Single by Billy Ocean

from the album Love Zone
- Released: 5 July 1986
- Recorded: 1985
- Genre: R&B, funk
- Length: 5:36 (Album Version) 4:17 (Radio Edit)
- Label: Jive
- Songwriter(s): Wayne Anton Brathwaite, Barry James Eastmond, Billy Ocean
- Producer(s): Barry Eastmond, Wayne Brathwaite

Billy Ocean singles chronology
| "There'll Be Sad Songs (To Make You Cry)" (1986) | "Love Zone" (1986) | "Love Is Forever" (1986) |

= Love Zone (song) =

"Love Zone" is the title track from Billy Ocean's 1986 album.

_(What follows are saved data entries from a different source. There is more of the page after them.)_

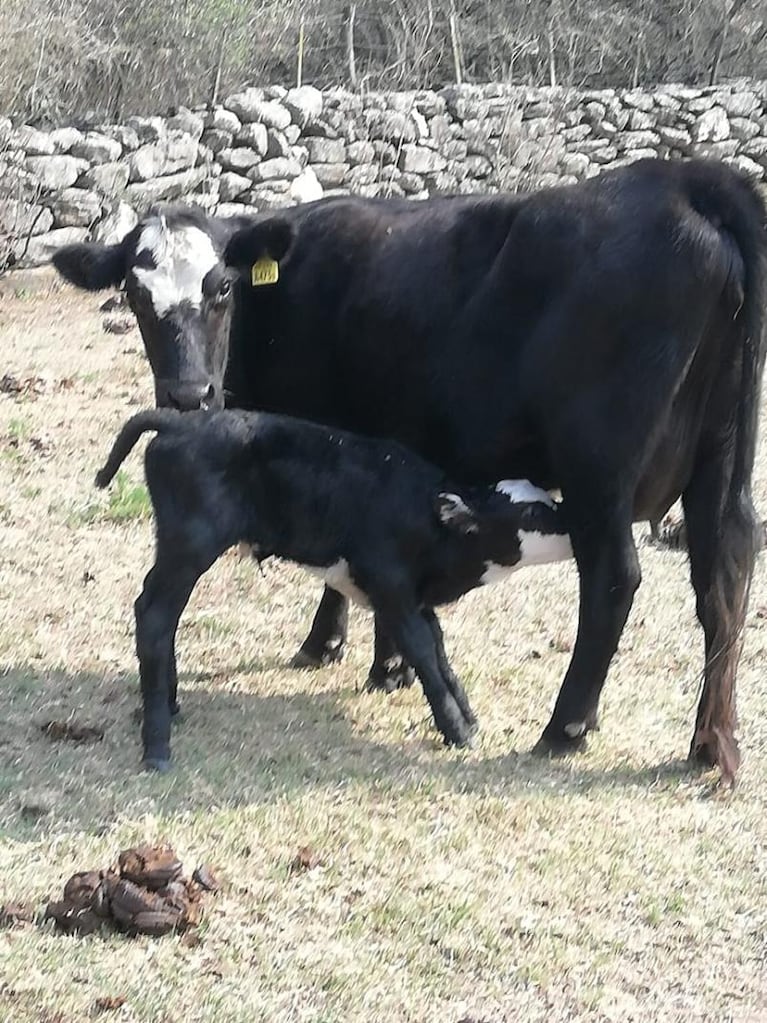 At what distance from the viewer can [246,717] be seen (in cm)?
564

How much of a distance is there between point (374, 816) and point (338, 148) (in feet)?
38.4

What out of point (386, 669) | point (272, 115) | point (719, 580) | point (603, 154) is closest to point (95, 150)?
point (272, 115)

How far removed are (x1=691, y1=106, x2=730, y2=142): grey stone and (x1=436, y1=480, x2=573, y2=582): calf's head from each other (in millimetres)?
14903

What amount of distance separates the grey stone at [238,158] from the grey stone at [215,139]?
0.07m

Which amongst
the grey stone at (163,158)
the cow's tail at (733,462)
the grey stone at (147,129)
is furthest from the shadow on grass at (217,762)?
the grey stone at (147,129)

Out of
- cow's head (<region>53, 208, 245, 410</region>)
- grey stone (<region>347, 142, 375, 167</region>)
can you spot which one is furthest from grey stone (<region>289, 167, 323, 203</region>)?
cow's head (<region>53, 208, 245, 410</region>)

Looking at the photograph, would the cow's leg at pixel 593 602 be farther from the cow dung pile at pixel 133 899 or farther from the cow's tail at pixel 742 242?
the cow dung pile at pixel 133 899

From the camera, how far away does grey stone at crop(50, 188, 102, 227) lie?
→ 42.4 ft

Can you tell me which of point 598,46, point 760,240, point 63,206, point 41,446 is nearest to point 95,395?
point 41,446

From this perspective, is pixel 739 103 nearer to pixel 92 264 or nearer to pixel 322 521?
pixel 92 264

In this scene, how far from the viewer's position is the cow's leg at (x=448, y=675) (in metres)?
5.37

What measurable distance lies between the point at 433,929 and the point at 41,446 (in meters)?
5.76

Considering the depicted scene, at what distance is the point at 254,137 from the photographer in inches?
571

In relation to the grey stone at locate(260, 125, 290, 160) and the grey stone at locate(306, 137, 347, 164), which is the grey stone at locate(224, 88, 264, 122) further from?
the grey stone at locate(306, 137, 347, 164) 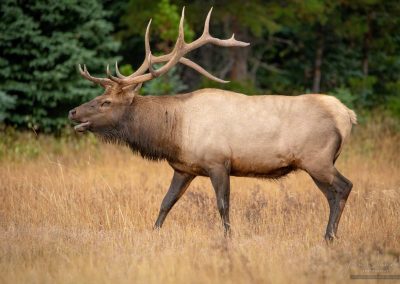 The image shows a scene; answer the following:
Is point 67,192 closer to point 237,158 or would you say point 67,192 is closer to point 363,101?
point 237,158

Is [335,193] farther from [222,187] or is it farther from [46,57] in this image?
[46,57]

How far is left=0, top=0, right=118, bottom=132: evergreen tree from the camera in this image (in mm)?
14570

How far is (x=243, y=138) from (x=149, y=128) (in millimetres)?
1152

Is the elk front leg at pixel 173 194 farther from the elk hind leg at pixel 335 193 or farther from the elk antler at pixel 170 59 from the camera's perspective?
the elk hind leg at pixel 335 193

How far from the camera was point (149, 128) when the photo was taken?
8641 millimetres

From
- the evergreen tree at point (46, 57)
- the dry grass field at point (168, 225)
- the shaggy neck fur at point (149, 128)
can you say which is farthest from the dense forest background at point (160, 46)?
the shaggy neck fur at point (149, 128)

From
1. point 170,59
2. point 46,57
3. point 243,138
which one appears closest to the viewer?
point 243,138

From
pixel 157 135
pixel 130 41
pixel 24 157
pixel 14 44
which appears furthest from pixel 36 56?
pixel 157 135

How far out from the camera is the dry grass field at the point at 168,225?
596 centimetres

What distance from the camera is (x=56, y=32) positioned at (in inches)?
584

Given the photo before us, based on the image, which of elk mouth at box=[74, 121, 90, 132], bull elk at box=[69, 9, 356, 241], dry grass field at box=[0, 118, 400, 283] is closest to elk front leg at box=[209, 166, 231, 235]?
bull elk at box=[69, 9, 356, 241]

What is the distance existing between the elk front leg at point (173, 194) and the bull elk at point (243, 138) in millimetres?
11

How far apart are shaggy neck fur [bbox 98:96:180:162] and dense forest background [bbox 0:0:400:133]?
2.95 m

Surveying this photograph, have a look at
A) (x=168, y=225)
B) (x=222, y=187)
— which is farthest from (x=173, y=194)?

In the US, The ballad hit number one on the Billboard R&B chart and was his third single to hit the top spot. "Love Zone" also reached number ten on the Billboard Hot 100 and number five on the Adult Contemporary chart.

==Chart performance==

===Weekly charts===

| Chart (1986) | Peak position |
|---|---|
| Australia (Kent Music Report) | 91 |
| Canadian Singles (RPM) | 18 |
| New Zealand (Recorded Music NZ) | 31 |
| UK Singles (OCC) | 49 |
| US Billboard Hot 100 | 10 |
| US Adult Contemporary (Billboard) | 5 |
| US Hot R&B/Hip-Hop Songs (Billboard) | 1 |
| West Germany (GfK) | 73 |

===Year-end charts===

| Chart (1986) | Position |
|---|---|
| US Adult Contemporary (Billboard) | 42 |
| US Hot R&B/Hip-Hop Songs (Billboard) | 49 |

==Popular culture==
- The song was used for the characters of Tina Lord and Cord Roberts on the American soap opera One Life to Live.